Tuple Representation

Records vs Tuples

Tables are defined by a schema, e.g..

create table Employee (
   id   integer primary key,
   name varchar(20) not null,
   job  varchar(10), 
   dept smallint references Dept(id)
);

Tuples are collection of attribute values based on a schema. Records are a sequence of bytes, containing data for one tuple. Bytes need to be interpreted relative to a schema to get a tuple.

Converting Records to Tuples

A Record is an array of bytes. - Represents the data values from a typed Tuple. - Stored on disk (persistent) or in a memory buffer.

A Tuple is a collection of named, typed values (similar to C structs). - An interpretable structure is needed to manipulate the values. - Stored in working memory (temporary).

Information to Interpret Bytes in a Record

May be contained in schema data in DBMS catalog.
May be stored in page directory.
May be stored in the record (header).
May be stored partly in record and partly in schema.

For variable-length records, formatting information is required:

Must be stored in the record or in the page directory.
- Since it refers to individual records and not the whole table.
At the least, need to know how many bytes in each variable length value.

Operations on Records

Access record via RecordId:

Record get_record(Relation rel, RecordId rid) {
    (pid, tid) = rid;
    Page buf = get_page(rel, pid);
    return get_bytes(rel, buf, tid);
}

Cannot use a Record directly; need a Tuple:

Relation rel = ... // relation schema
Record rec = get_record(rel, rid);
Tuple t = makeTuple(rel, rec);

Once we have a Tuple, we can access individual attributes/fields (with index).

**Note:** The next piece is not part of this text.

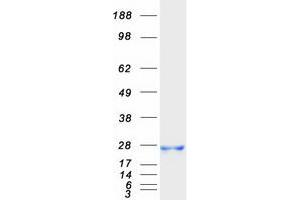 Validation with Western Blot (GM2A Protein (Myc-DYKDDDDK Tag))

int x = getIntField(t, 1);
char *s = getStrField(t, 2);

Fixed Length Records

Possible encoding scheme:

Record format (length + offsets) stored in catalog.
Data values stored in fixed-size slots in data pages.

Variable Length Records

Possible encoding scheme:

Prefix each field by length.
Terminate fields by delimiter.
- Note: similar to C strings.
Array of offsets.

Data Types

DBMSs typically define a fixed set of base types which have a corresponding implementation-level data type for field values:

DBMS Type	C Level Type
`DATE`	`time_t`
`FLOAT`	`float, double`
`INTEGER`	`int, long`
`NUMBER(n)`	`int[]`
`VARCHAR(n)`	`char[]`

Field Descriptors

Tuple can be implemented as:

List of field descriptors for a record instance.
- Where FieldDesc gives (offset, length, type) information.
Along with a reference to the Record data.

typedef struct {
  ushort    nfields;   // number of fields/attrs
  ushort    data_off;  // offset in struct for data
  FieldDesc fields[];  // field descriptions
  Record    data;      // pointer to record in buffer
} Tuple;

Fields are derived from relation descriptor + record instance data.

Tuple data could be:

A pointer to bytes stored elsewhere in memory.
Or, appended to Tuple struct (used widely in PostgreSQL).